● TASK PROMPT:
Without any pictures, reproduce exactly the lines running from the line containing "ออกรับซื้อขยะตามโครงการธนาคารขยะ ประจำเดือน เมษายน" through the end of the entries.

(Records from a collection)
= = = = = = =

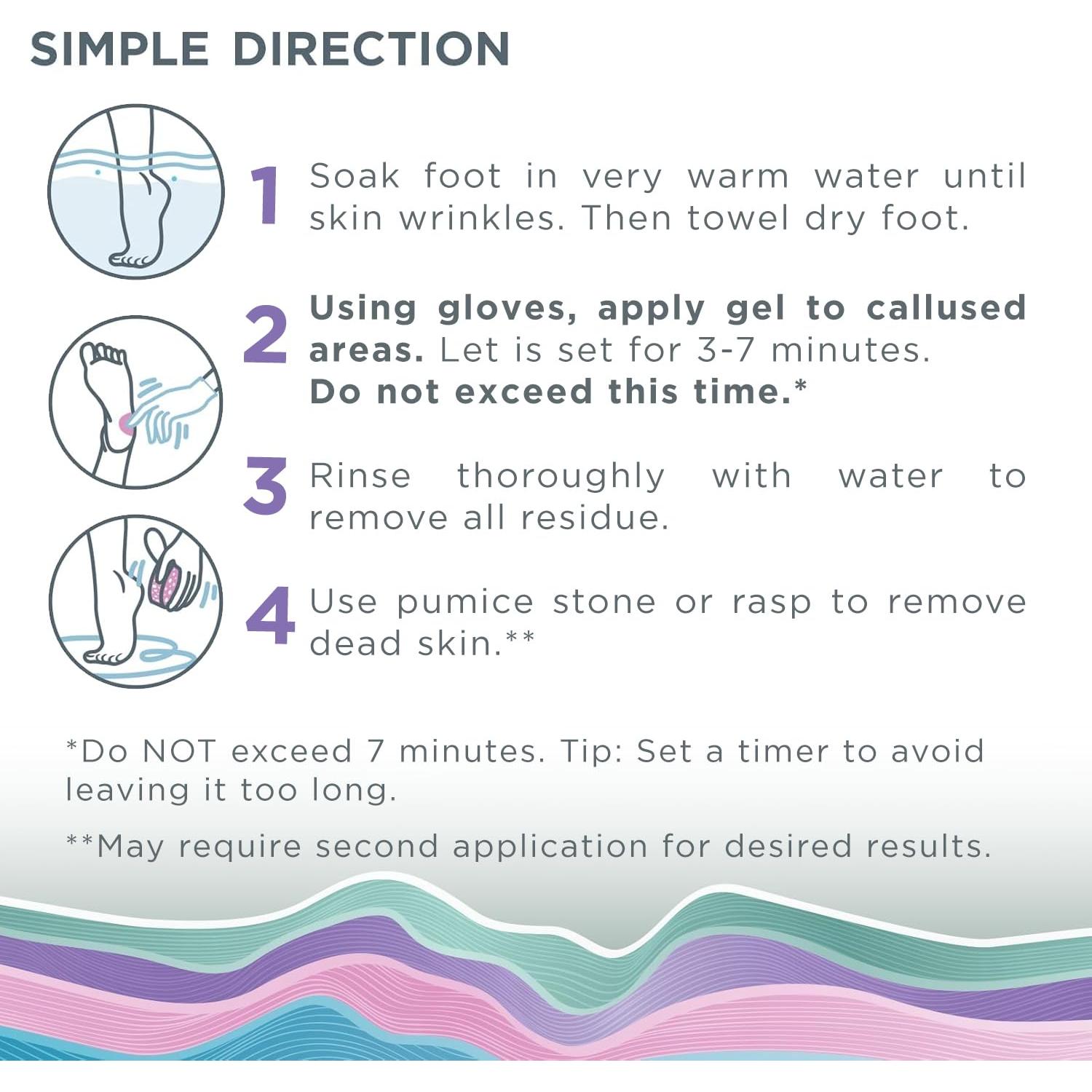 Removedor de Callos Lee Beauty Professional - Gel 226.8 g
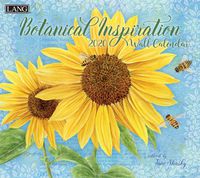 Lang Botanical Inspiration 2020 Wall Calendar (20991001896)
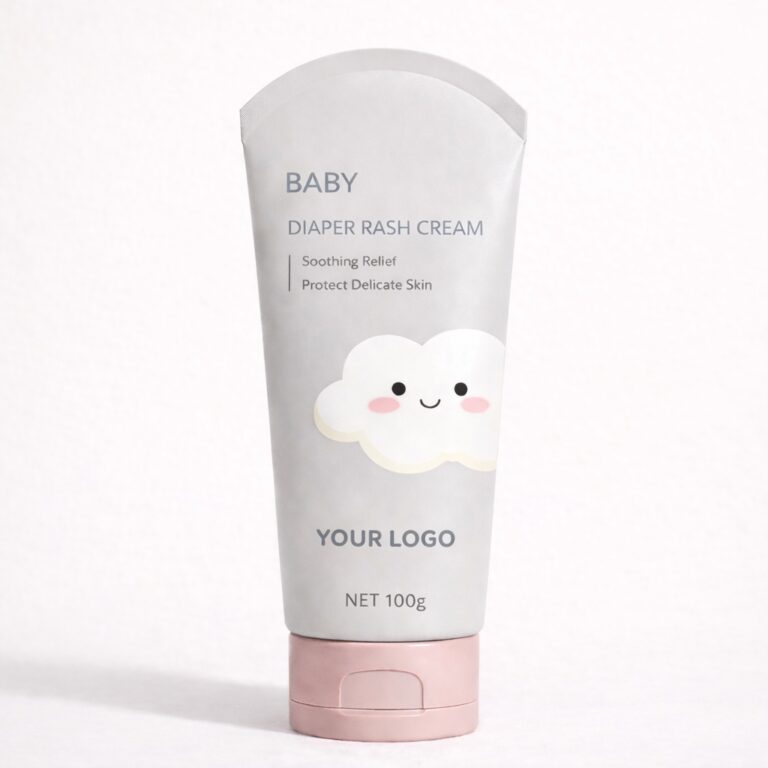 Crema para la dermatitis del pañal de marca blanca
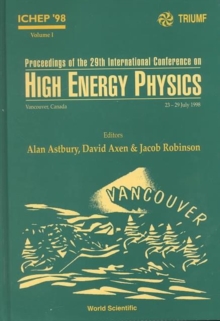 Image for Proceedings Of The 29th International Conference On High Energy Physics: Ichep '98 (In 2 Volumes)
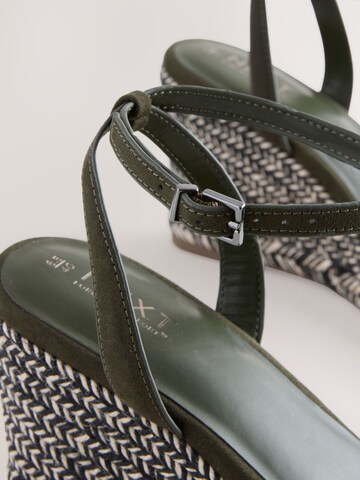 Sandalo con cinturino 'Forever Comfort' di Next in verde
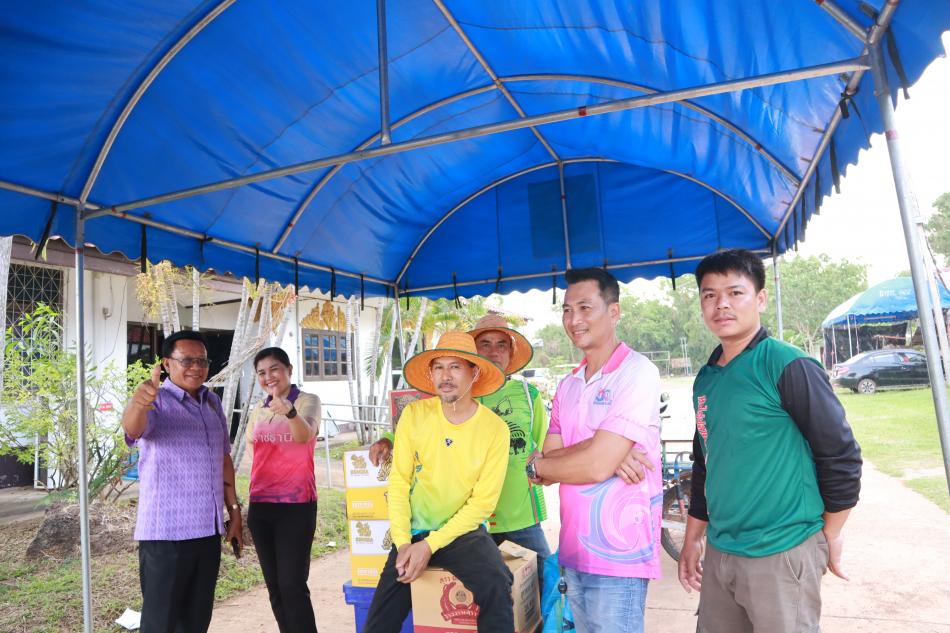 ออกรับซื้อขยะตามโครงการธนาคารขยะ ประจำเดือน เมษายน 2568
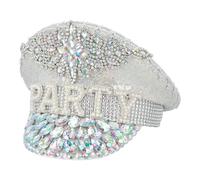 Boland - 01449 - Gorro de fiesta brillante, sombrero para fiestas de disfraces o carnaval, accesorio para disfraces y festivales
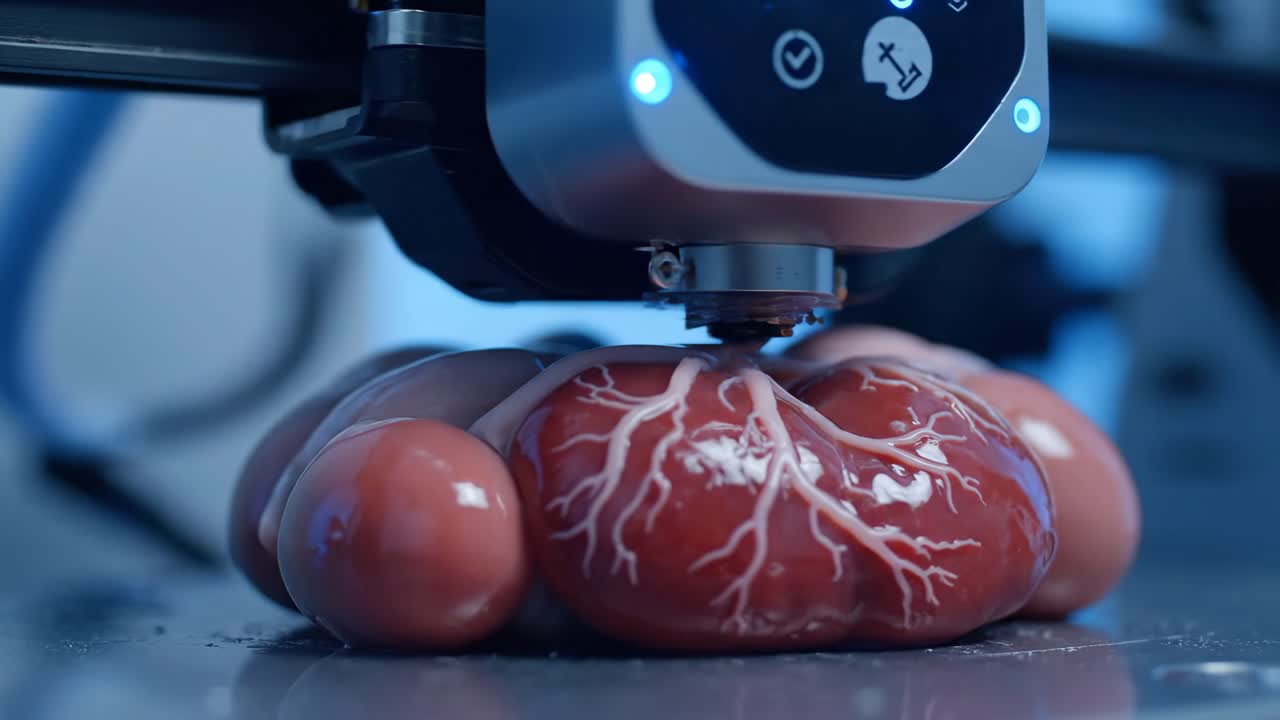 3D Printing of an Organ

= = = = = = =

● RESPONSE TO THE EXERCISE:
 ออกรับซื้อขยะตามโครงการธนาคารขยะ ประจำเดือน เมษายน 2568
 Boland - 01449 - Gorro de fiesta brillante, sombrero para fiestas de disfraces o carnaval, accesorio para disfraces y festivales
 3D Printing of an Organ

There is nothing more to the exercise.